Dear Animal Legal & Historical Center,

I was driving down a rural highway and saw a dog riding in the back of a pickup truck. This seems like a dangerous practice. Is it legal?

On the road again


Dear On the Road Again,

Thank you for writing to our digital law library. As with many legal questions, the answer depends mostly on where you live. Only a handful of states have laws that expressly prohibit dogs from riding unrestrained in the back of pickup trucks.

Most state laws that address the issue make it illegal to transport a dog on a public road in the back of an open bed vehicle. This likely mean that any travel on a private road or driveway with a dog in the bed of a truck would not be outlawed in these states.

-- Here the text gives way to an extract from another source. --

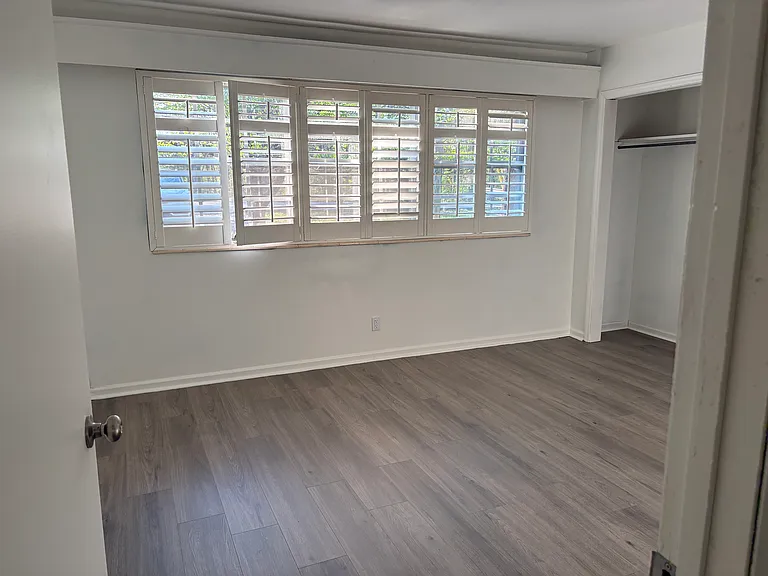 1122 James Blvd #1 — Photo 6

As of 2019, it appears that only six states (CA, CT, ME, MA, NH, and RI) have such laws.

Maine prohibits transporting a dog in an open vehicle like a pick-up truck or convertible in a manner that does not protect the dog:

[a] person driving an open vehicle may not transport a dog in the open portion of that vehicle on a public way unless the dog is protected in a manner that prevents the dog from falling or jumping or being thrown from the vehicle.

29-A M. R. S. A. § 2087

The law excludes transportation of a dog by a farmer engaged in agricultural activities involving the dog or a hunting dog that is between transported between hunting sites by a licensed hunter.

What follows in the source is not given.